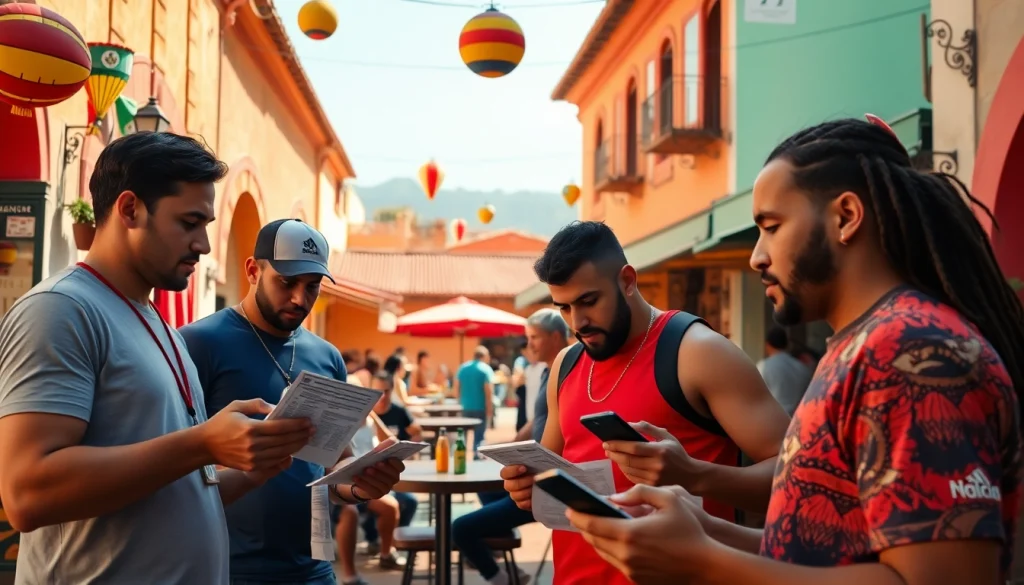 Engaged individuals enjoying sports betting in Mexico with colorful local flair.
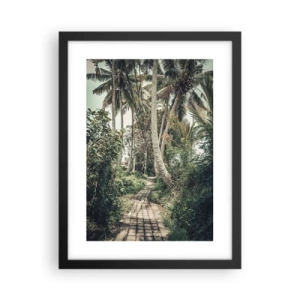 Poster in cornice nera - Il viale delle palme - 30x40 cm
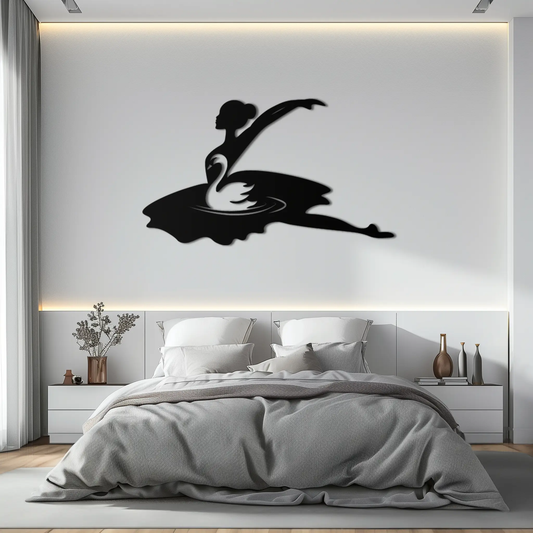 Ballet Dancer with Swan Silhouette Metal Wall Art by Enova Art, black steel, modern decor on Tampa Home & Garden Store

----

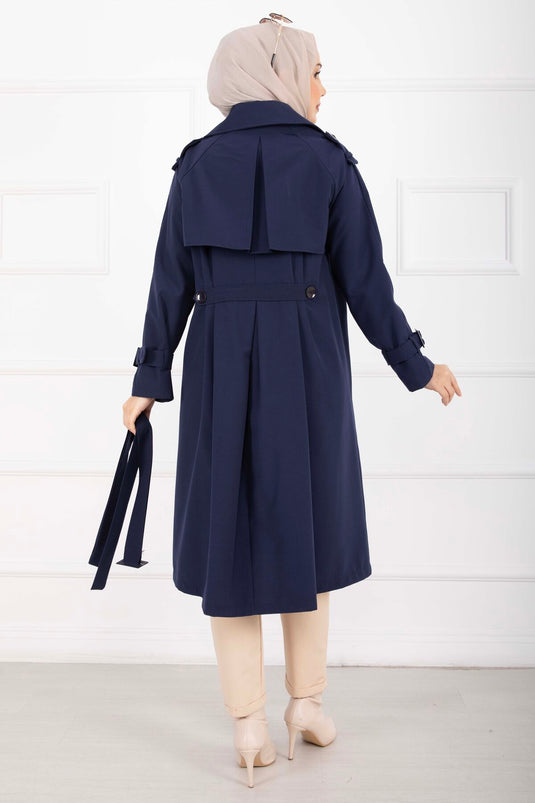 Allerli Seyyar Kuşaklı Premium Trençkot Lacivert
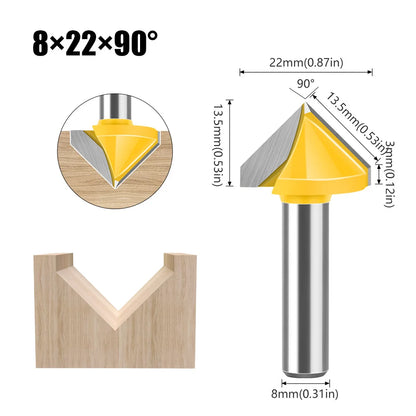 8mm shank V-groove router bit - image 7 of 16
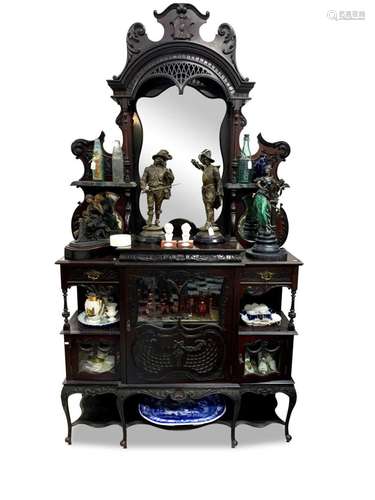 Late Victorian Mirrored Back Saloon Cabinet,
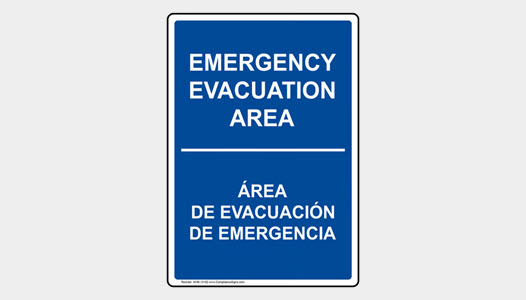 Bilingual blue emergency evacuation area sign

----

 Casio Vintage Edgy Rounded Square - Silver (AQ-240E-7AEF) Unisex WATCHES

----

▸ Aim of the task
Print nothing but the lines above starting with the line that contains "Late Victorian Mirrored" and going on through the line that contains "Bilingual blue emergency". Leave out the pictures.

▸ Exercise solution
 Late Victorian Mirrored Back Saloon Cabinet,
 Bilingual blue emergency evacuation area sign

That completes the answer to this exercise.